The College of Education alumna is excited to dive deep into the historic Anacostia neighborhood, which abolitionist Frederick Douglass once called home.
On Aug. 5, UMSL College of Education alumna Melanie Adams will start as director of the Anacostia Community, one of the 19 museums in the Smithsonian network. (Photo courtesy of Melanie Adams)

On Aug. 5, UMSL College of Education alumna Melanie Adams will start as director of the Anacostia Community Museum, one of the 19 museums in the Smithsonian network. (Photo courtesy of Melanie Adams)

An 11-year stint with the Missouri Historical Society gave University of Missouri–St. Louis education PhD alumna Melanie Adams a clear vision for her future.

Starting in 2005, Adams worked as managing director of community education and events for the MHS and the Missouri History Museum, overseeing more than 700 community programs annually. Adams prized the strong connection institutions such as the MHS and its museum can make with patrons.

“The Missouri Historical Society really is an anchor in the community,” Adams said. “I was able to explore issues that were relevant to the community like race, gender, equity. The exhibits we did there, the programs we did were powerful. We brought people to the museum to see their stories, which they never thought they would see. That’s where I saw the power of museums.”

On Aug. 5, Adams will start her new role as the director of the Anacostia Community Museum in Washington, D.C., one of the 19 museums in the prestigious Smithsonian network. She spent the past three years as deputy director of learning initiatives at the Minnesota Historical Society, where she developed community partnerships and managed 26 historic sites and museums throughout the state.

In her first role as director, Adams is excited to dive deep into the historic Anacostia neighborhood, which famed abolitionist Frederick Douglass once called home and which, since the 1960s, has been predominantly African American. She wants to tell its story.

“I was attracted to the mission,” Adams said. “It reflects both the work I did when I was in Missouri as well as the work around my PhD in looking at urban communities. It was just the perfect combination of everything I really enjoyed doing.”

Adams finished her dissertation, titled “Advocating For Educational Equity: African American Citizens’ Councils in St. Louis, Missouri, From 1864 To 1927” in 2014. Working through the College of Education with her advisor, Associate Professor Matthew Davis, she explored the effort the city’s African American leaders had to exert to secure educational opportunities through the founding of institutions such as Sumner High School in 1875 and Vashon High School in 1927.

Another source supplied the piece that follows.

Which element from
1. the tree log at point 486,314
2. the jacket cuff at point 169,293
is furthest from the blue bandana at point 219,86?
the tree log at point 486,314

“What I wanted to show was African Americans advocating for their own schools,” Adams said. “In one of the newspaper articles, they talked about how the school board gave them a school. I remember that just rubbed me the wrong way. No one gave them a school. They fought for the school. They petitioned the board for this. It was an opportunity to talk about African American agency and how important that was in terms of education in St. Louis. A lot of lessons learned in those early years are still relevant in today’s system.”

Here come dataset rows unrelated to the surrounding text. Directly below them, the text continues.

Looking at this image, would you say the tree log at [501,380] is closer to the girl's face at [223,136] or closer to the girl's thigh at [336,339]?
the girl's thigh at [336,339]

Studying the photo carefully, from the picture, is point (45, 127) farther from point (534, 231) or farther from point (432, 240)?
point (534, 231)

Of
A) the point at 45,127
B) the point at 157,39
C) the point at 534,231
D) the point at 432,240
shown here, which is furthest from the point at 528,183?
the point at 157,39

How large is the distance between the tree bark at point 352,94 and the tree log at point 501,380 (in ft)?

Adams was able to apply that knowledge in her role as part of the three-member Special Administrative Board, which the Missouri State Board of Education convened in 2007 to govern Saint Louis Public Schools after the district lost its accreditation.

She served on the board for nine years before moving on to Minnesota. Her time on the board, in tandem with her role at the MHS, helped embed her in the community.

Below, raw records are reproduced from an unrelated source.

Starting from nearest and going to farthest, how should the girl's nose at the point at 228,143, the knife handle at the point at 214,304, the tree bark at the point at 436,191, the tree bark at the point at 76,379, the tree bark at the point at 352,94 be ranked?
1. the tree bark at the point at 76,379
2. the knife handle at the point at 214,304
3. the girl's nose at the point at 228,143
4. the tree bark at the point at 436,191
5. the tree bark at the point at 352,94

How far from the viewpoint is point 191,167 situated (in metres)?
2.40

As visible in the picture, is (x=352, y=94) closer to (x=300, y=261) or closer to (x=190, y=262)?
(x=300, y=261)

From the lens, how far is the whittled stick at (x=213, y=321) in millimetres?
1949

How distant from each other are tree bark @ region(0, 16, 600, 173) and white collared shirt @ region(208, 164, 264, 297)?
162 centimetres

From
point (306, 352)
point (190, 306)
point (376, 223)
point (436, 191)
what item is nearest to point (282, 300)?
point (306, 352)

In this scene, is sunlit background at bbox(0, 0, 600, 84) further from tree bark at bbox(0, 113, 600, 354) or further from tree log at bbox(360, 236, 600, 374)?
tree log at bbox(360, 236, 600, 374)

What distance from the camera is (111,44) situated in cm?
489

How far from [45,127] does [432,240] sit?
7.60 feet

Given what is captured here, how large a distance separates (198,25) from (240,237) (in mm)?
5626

“Public service is one of the best educators out there,” Adams said. “That allowed me to learn about community concerns in a way that, if you’re not sitting in that type of public seat, you wouldn’t always have. It taught me about politics, good and bad. That really was one of the best learning experiences.”

Adams expects her first few months in D.C. to be a time of listening to and learning from the community. The Anacostia is without a physical home until October as it undergoes renovations, but the museum is taking its current exhibit – “A Right to the City” – around to five different DC Public Library branches in the interim.

It’s a blessing in disguise: a way to bring the museum to the people it serves. Adams hopes to use her experience and the theories she studied at UMSL to continue that accessibility once the Anacostia moves back to its permanent spot.

“The PhD program allowed me to look at things through a very different lens,” Adams said. “It’s looking at the exhibits we create in terms of whose story we decide to center. Is it centered around one particular group, or are we telling that story in a way that’s more nuanced and able to bring a variety of narratives into that story? Are we allowing voices of color from the community to have equal weight with others? It has allowed me to look at things through more of a lens of racial equity.”